Promienie UVB odpowiadają za powstawanie rumienia, oparzeń, a także opaleniznę. Natomiast promienie UVA przyczyniają się do różnych alergii i przyspieszenia procesu starzenia się skóry. I to o nich mówi się, że są bardziej niebezpieczne, ponieważ nie powodując rumienia, ani dolegliwości bólowych, nie dają żadnego sygnału, jak mocno na nas działają. Poza tym wnikają zdecydowanie głębiej w skórę niż promienie UVB, przenikają też przez szyby, więc jesteśmy na nie cały czas narażeni. Ponadto promienie UVA stanowią aż 90 % docierającego do nas promieniowania ultrafioletowego.
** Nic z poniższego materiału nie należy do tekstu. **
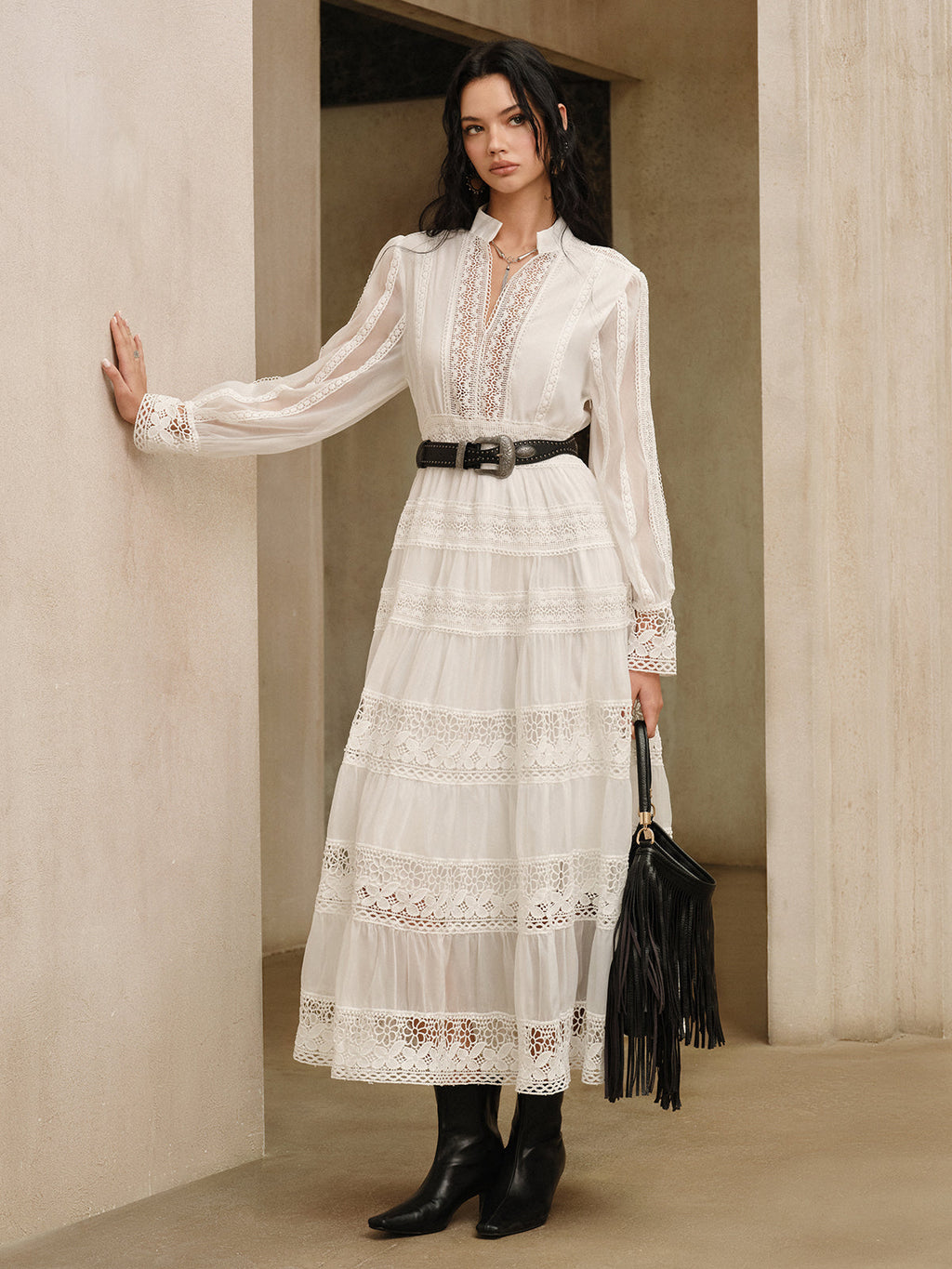 Semi-Sheer Lace Panel Maxi Dress White Long Sleeve Boho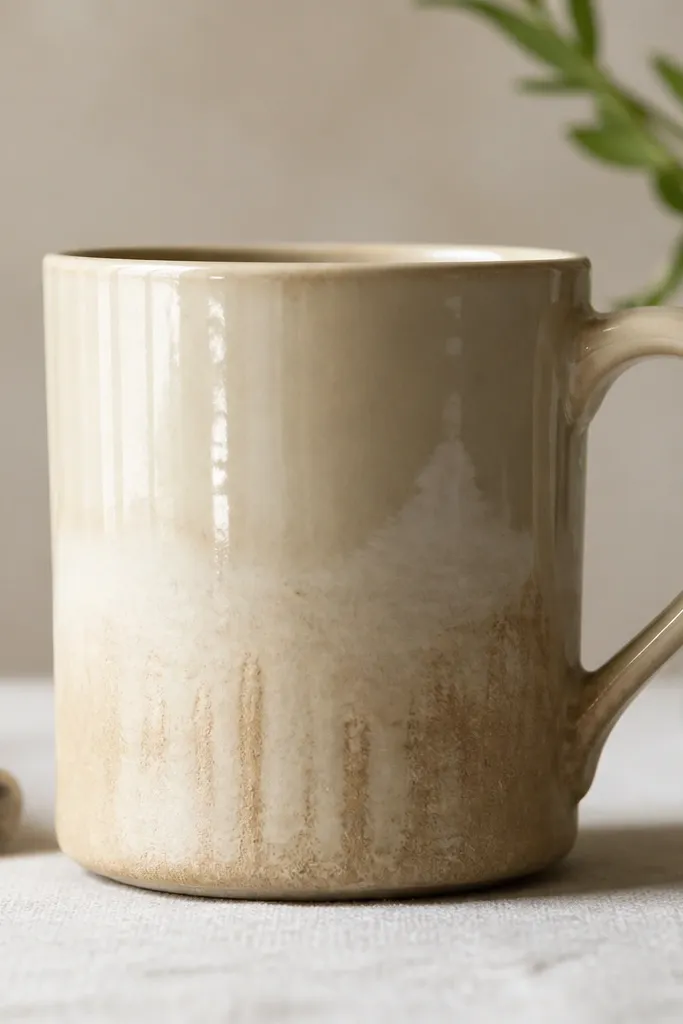 Mug surface with uneven sheen: some areas look glossy while other areas are matte or streaky; the bottom third is noticeably dull and uneven.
- Poza kremami warto również chronić głowę czapką, kapeluszem lub chustką, a także oczy – okularami przeciwsłonecznymi.
- Aby korzystać z pozytywnego wpływu słońca, nie trzeba wystawiać się na jego działanie na wiele godzin i kłaść płasko na plaży, wystarczą zwykłe spacery, czy zabawa z dziećmi na dworze. Warto przy tym mieć na uwadze fakt, że słońce najmocniej operuje między godziną 11 a 15 – zaleca się więc, by w tym czasie przebywać w bardziej zacienionych miejscach.
- W okresach, kiedy wystawiamy się na częstsze i silniejsze działanie słońca, warto wzbogacić dietę o produkty bogate w witaminę E, C i karotenoidy – żółte, czerwone, pomarańczowe i różowe barwniki roślinne znajdujące się w kolorowych warzywach i owocach.
- Ochronę przeciwsłoneczną warto stosować każdego dnia, przez cały rok – nie tylko wtedy, gdy wyjeżdżamy na wakacje. Jeśli krem pielęgnacyjny, jakiego używamy na co dzień, nie zawiera filtrów UV, należy nałożyć produkt ochronny na krem – jako ostatnią „warstwę” przed kosmetykami do makijażu.
Aby krem zawierał filtr UVA na opakowaniu powinna być taka informacja lub oznaczenie „PA” bądź „PPD”.